Devil’s Millhopper Geological State Park
First Discovered back in the 1880’s, this sink hole is a National Natural landmark and has been drawing curious visitors ever since it’s discovery. It gets it’s name from it’s funnel shape that resembles a grain hopper and because ancient fossilized bones where discovered there, it is legend that the the sink hole fed bodies to the devil.
132 steps take you down 120 feet onto a viewing platform where you can marvel at this 500 foot wide natural wonder.
Sinkholes are a result of a collapse in cavities that have been created in the underlying limestone. When rain water mixes with the carbon dioxide in the air it creates a carbonic acid. As this carbonic acid soaks into the soil and down into the limestone, cavities gradually form and sometimes cavities grow into caverns.
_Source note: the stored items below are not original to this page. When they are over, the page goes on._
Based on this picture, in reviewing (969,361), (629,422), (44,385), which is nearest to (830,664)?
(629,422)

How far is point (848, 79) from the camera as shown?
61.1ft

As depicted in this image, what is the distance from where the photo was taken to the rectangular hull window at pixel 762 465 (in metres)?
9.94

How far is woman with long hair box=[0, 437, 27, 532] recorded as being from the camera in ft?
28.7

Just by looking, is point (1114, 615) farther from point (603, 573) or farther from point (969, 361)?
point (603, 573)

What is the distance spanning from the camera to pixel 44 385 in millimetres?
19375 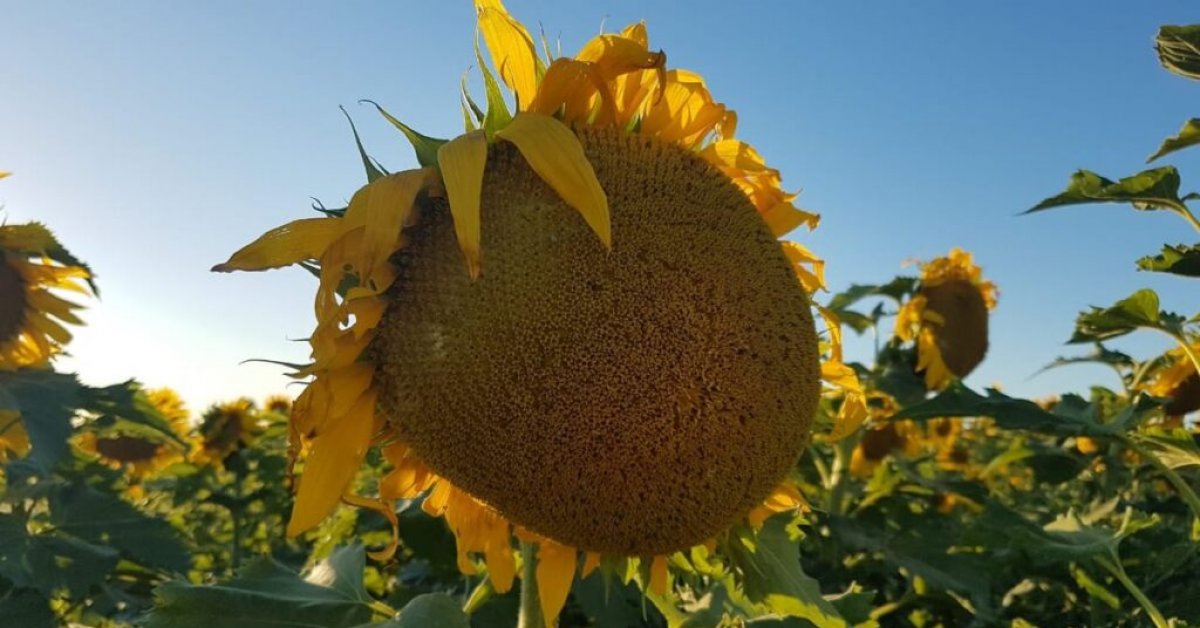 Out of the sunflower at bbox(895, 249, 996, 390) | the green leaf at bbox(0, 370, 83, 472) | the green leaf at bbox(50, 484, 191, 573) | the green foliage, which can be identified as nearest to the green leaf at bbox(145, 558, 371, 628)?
the green foliage

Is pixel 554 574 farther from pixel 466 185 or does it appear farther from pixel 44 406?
pixel 44 406

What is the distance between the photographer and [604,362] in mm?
1381

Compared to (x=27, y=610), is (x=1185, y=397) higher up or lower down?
higher up

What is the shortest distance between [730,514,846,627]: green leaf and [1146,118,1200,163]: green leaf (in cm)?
156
The weight of the earth above the cavern can become too heavy, resulting in the ceiling of the cavern collapsing.
Oak trees and spruce pines tower over the sinkhole, small streams trickle down the steep slopes and inside the walls of this natural site grow orchids, needle palms and other lush tropical vegetation.
There is a 1/2 mile nature trail around the rim of the sinkhole that takes you on a short hike through a natural Florida pine forest landscape and be sure to stop into the visitors center to view the exhibits explaining the site’s natural history.
Our Suggestion: This is an inexpensive – couple of hours attraction. View the sinkhole, walk the trail and do have a picnic lunch under the shade of the trees. Picnic tables with grills are provided. Cost to enter is only $4 per car load and the park is located at 4732 Millhopper Road in Gainsville. Park is open Wednesday thru Sunday from 9 am to 5 pm. Closed on Monday and Tuesday.
Devil’s Millhopper Geological State park is an excellent place for you and your family to learn a little about natural Florida and after your half day visit here, continue your learning adventure by visiting the University of Florida’s Butterfly Rainforest and the Florida Museum of Natural History, just a short drive away.